> [Problem to work on]: Only the lines from the one with "TWOTWINSTYLE Round Neck" to the end of the data, both ends included, should be output, exactly as they stand and without pictures.
--- Dataset excerpt Enclosed Below ---
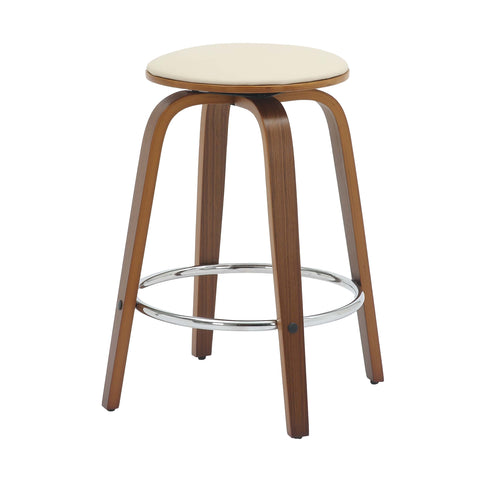 Pelya Modern Swivel Counter Stool Upholstered in Leather With Chrome Iron Footrest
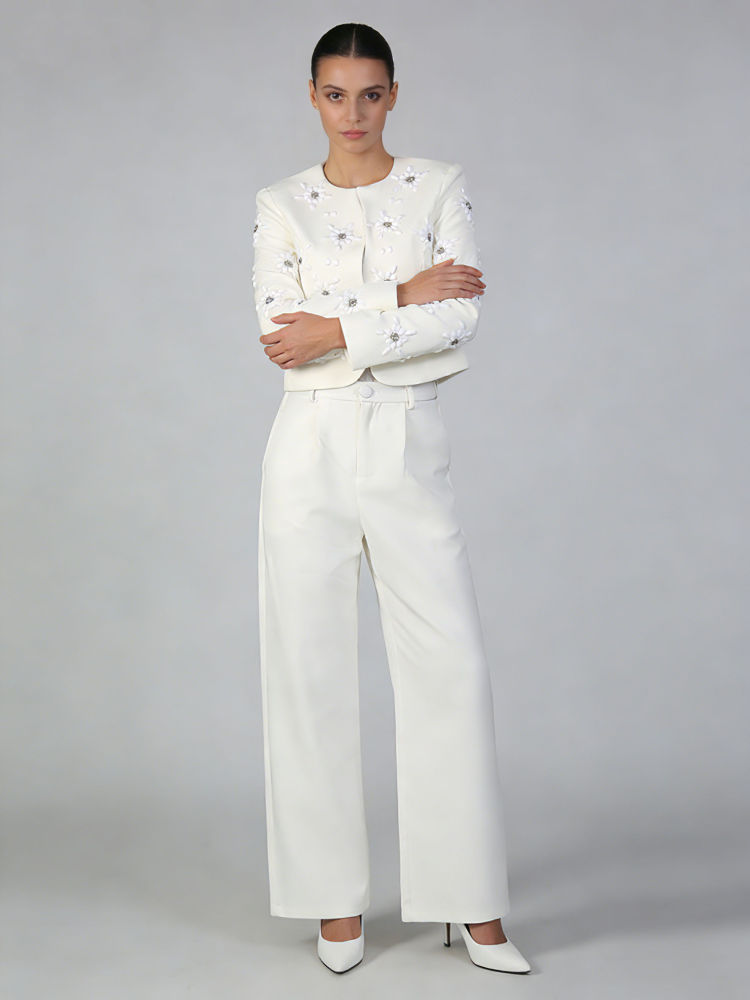 TWOTWINSTYLE Round Neck Spliced Diamond Blazers Loose Pants Temperament Two Piece Set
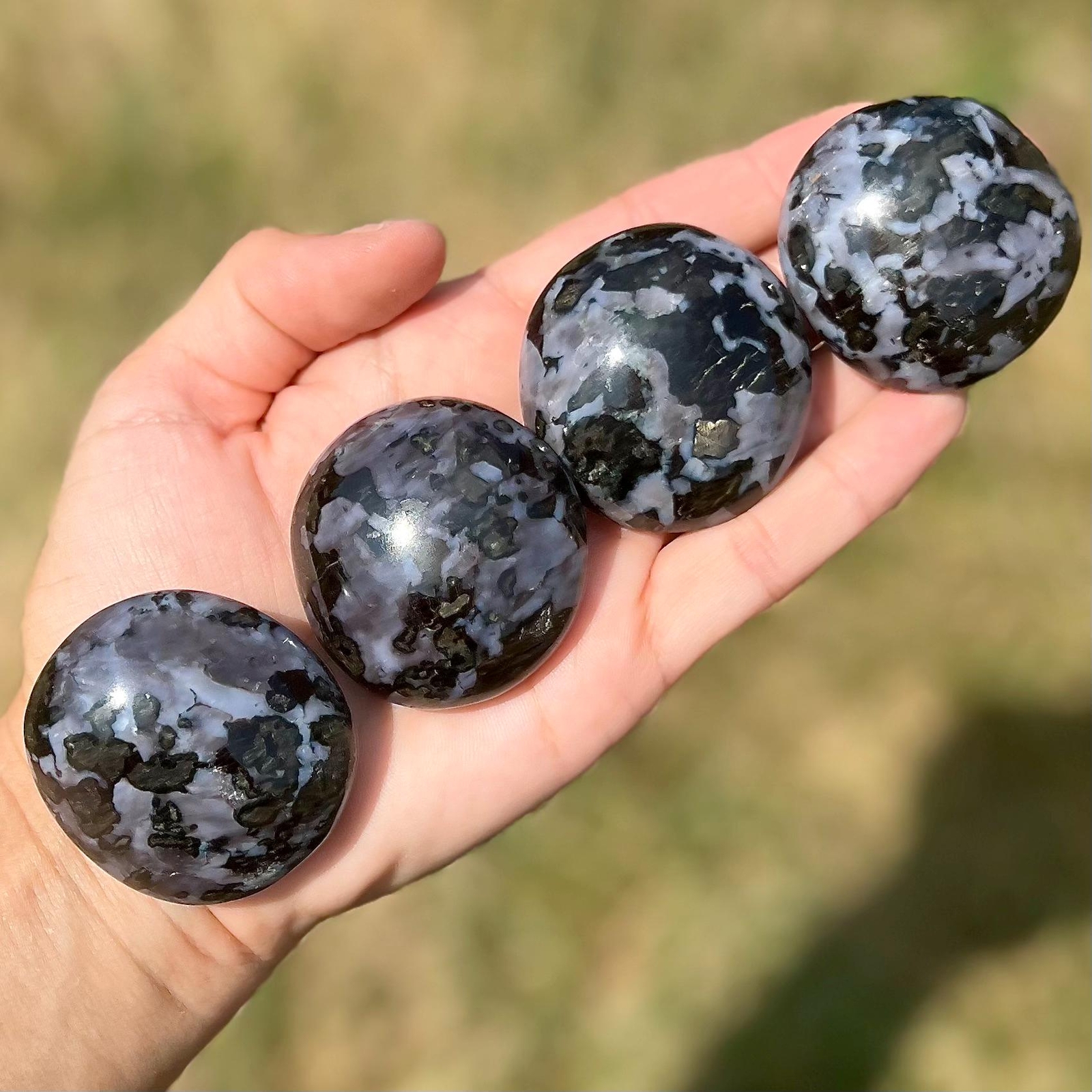 Indigo Gabbro Palm Stone, Mystic Merlinite Natural Indigo Gabbro from Madagascar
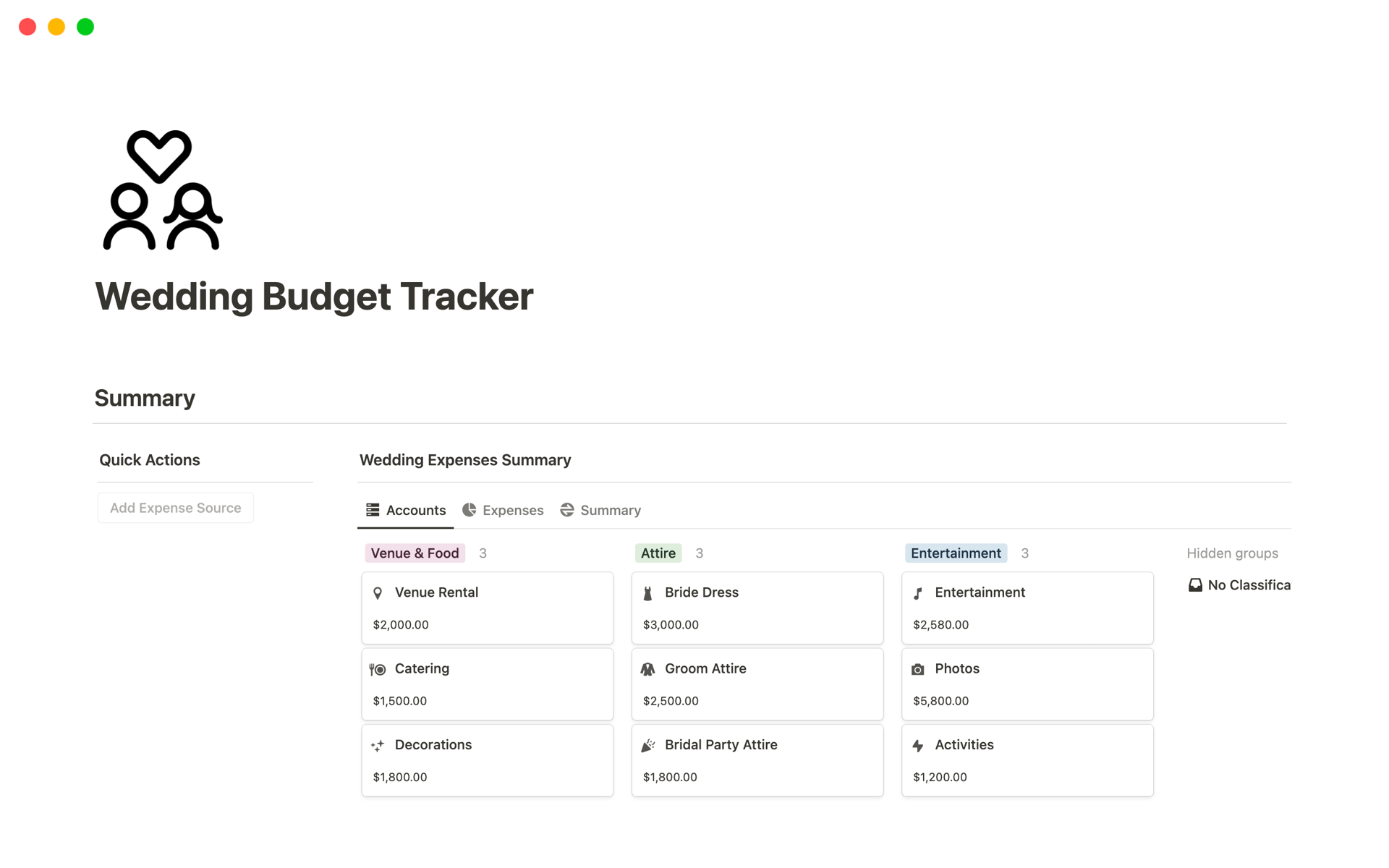 A template preview for Wedding Budget Tracker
--- End of Enclosed Dataset excerpt ---
> [Finished exercise]:
 TWOTWINSTYLE Round Neck Spliced Diamond Blazers Loose Pants Temperament Two Piece Set
 Indigo Gabbro Palm Stone, Mystic Merlinite Natural Indigo Gabbro from Madagascar
 A template preview for Wedding Budget Tracker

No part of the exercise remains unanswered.